* [DATASET EXTRACT]

---+---

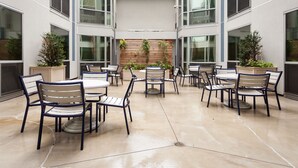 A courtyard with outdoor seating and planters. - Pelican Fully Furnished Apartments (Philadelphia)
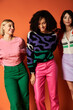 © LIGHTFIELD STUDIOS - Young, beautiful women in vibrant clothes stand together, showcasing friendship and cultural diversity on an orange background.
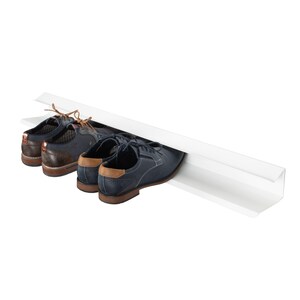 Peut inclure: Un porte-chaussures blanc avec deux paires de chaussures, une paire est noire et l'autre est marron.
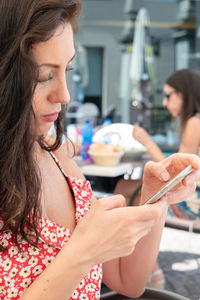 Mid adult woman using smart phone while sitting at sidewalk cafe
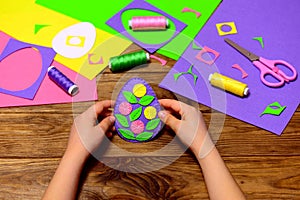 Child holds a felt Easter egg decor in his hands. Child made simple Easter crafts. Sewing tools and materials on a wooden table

---+---

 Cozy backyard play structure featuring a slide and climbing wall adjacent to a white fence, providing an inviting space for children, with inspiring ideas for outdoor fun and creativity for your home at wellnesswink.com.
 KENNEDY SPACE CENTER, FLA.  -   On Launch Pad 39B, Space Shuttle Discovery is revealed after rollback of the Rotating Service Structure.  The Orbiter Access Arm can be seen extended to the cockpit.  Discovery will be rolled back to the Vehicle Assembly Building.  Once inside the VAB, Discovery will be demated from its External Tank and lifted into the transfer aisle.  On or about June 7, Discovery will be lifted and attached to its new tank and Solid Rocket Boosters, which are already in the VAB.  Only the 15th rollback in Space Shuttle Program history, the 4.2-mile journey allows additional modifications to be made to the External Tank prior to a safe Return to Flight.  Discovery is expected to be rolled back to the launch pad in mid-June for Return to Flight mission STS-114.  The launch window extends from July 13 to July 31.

---+---

* [EXERCISE BRIEF] Take exactly the lines from the one containing "Cozy backyard play" through the one containing "KENNEDY SPACE CENTER, FLA." in the data above, and output them with nothing added.

* [SOLUTION TO THIS PROBLEM]
 Cozy backyard play structure featuring a slide and climbing wall adjacent to a white fence, providing an inviting space for children, with inspiring ideas for outdoor fun and creativity for your home at wellnesswink.com.
 KENNEDY SPACE CENTER, FLA.  -   On Launch Pad 39B, Space Shuttle Discovery is revealed after rollback of the Rotating Service Structure.  The Orbiter Access Arm can be seen extended to the cockpit.  Discovery will be rolled back to the Vehicle Assembly Building.  Once inside the VAB, Discovery will be demated from its External Tank and lifted into the transfer aisle.  On or about June 7, Discovery will be lifted and attached to its new tank and Solid Rocket Boosters, which are already in the VAB.  Only the 15th rollback in Space Shuttle Program history, the 4.2-mile journey allows additional modifications to be made to the External Tank prior to a safe Return to Flight.  Discovery is expected to be rolled back to the launch pad in mid-June for Return to Flight mission STS-114.  The launch window extends from July 13 to July 31.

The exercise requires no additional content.